Performance and Operation

  1. Why is the dryer operating at a lower than expected capacity?
  2. Why is dryer capacity lower during colder temperatures?
  3. What is the proper method for cleaning my dryer?
  4. Why is the dryer not filling with wet grain properly?
  5. Why am I not generating enough heat in the plenum chamber?
  6. Why does my LP gas line frost up and what can I do?
  7. Why does the moisture sensor not read proper grain moisture content?

Troubleshooting

  1. Why won't my burner light?
  2. Why can I light a burner but not keep it running?
  3. Why does my burner run for only a little while before going out?
  4. Why can't I get metering rolls to turn?
  5. I cannot get the safety circuit to energize or any lights or relays to pull in, why?
  6. Motor will not start, (blower or auger) what should I do?
  7. The moisture control board is not outputting good voltage to control metering system, why?
  8. I cannot get the air pressure switch to make and hold the air pressure light on, what steps should I take?
  9. Leak in plumbing train, what do I do?
  10. What can I do about small buckling in screens in 10ft tower dryers?

Answers

Installation

1. I am installing a VFD for the unload system. Is there anything I should know?

The VFD (variable frequency drive) is a good method of protecting the motor and changing speeds of a motor. The VFD changes hertz from 5-72 or anywhere in-between. The more hertz applied the faster the motor runs in rpm’s.
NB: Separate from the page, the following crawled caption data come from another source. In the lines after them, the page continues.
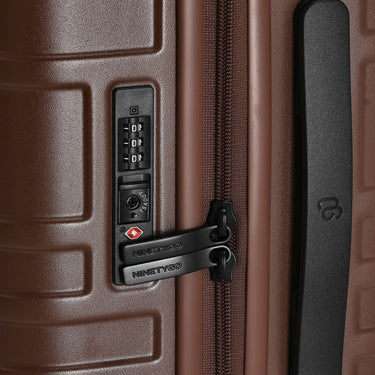 NINETYGO Modern - 4 - Rollen - Trolley L 78.5 cm (braun) - Markenkoffer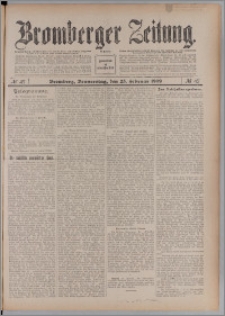 Bromberger Zeitung, 1909, nr 47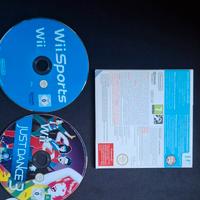 Wii sports e just dance 3 per wii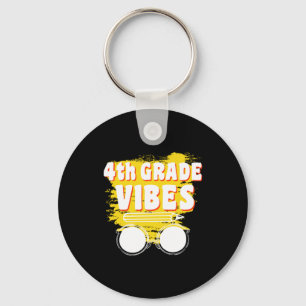 Back To School 4th Grade Vibes Shirt First Day Kid Keychain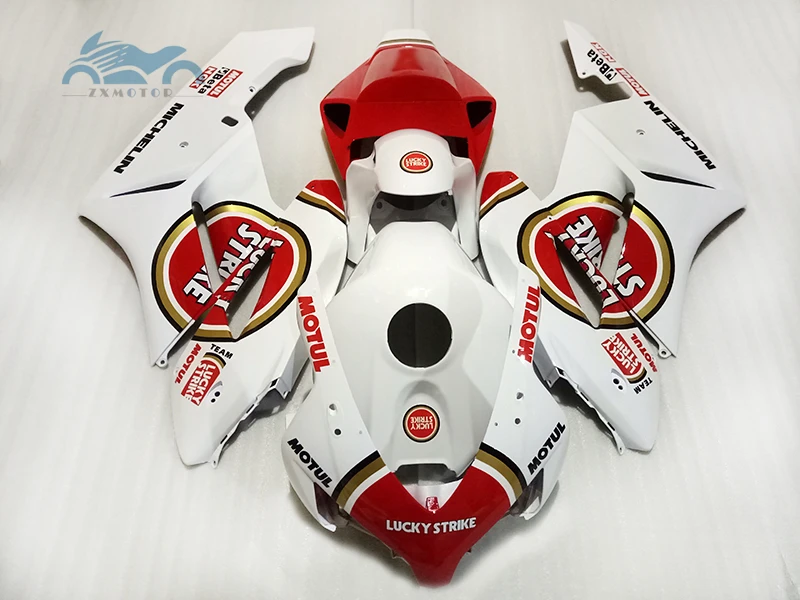 Индивидуальные Инъекции обтекатель комплект Подходит для Honda CBR1000RR 2004 2005 CBR 1000RR 04 05 белый красный пластик обтекатель наборы кузова KR01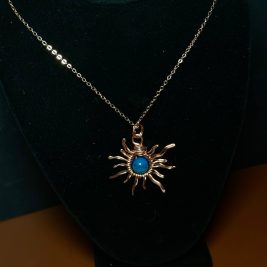 Copper Agate Sun Pendant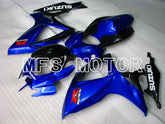 Suzuki GSXR600 GSXR750 2006-2007 Injection ABS Fairing - Factory Style - Blue Black - MFS2354 - Fairings Kit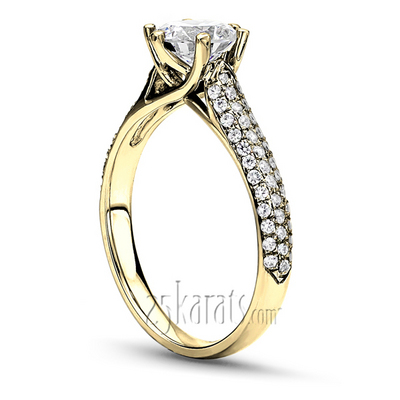 Trellis Center Micro Pave Engagement ring - view 5 of 5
The VFD down side is that it emits noise and signal wiring can pick up noise and vary signals.

  • Make sure all signal cables are grounded well on one end.
  • Make sure wires for the low voltage and signal are not anywhere close to the VFD.
  • The VFD motor output wires should not be close to the 120 VAC control wires.
2. When running hard conduit from the high voltage cabinet to the remote cabinet, why do I have to run two separate conduits?
  • The signal , Ethernet, communication and thermocouple cables are all vulnerable to noise, induction and signal loss. The best way to protect this wiring from issues is to separate it from any voltage above 24 volt. The 120 volt AC control wiring should run in separate conduit from signal wiring for best results.
  • Make certain the cables are all grounded on one end to reduce potential interference.
  • The standard remote length is 20' because it represents the maximum run before the noise, induction and signal loss become a problem.

3. Why would the blower coupling be damaged after very little time running?

  • If motor coupling (sure-flex sleeve) has gone bad or been damaged while running for a short time frame, then the motor shaft and fan shaft are not properly aligned. The alignment is what the flex sleeve will help with, but when alignment is to far out of tolerance then the coupling will become damaged.
  • This could also be because flanges that hold coupling are too tight or too loose. The coupling needs to fit snuggly in place between 2 flanges.
  • Incorrect size coupling and flanges were used for the application.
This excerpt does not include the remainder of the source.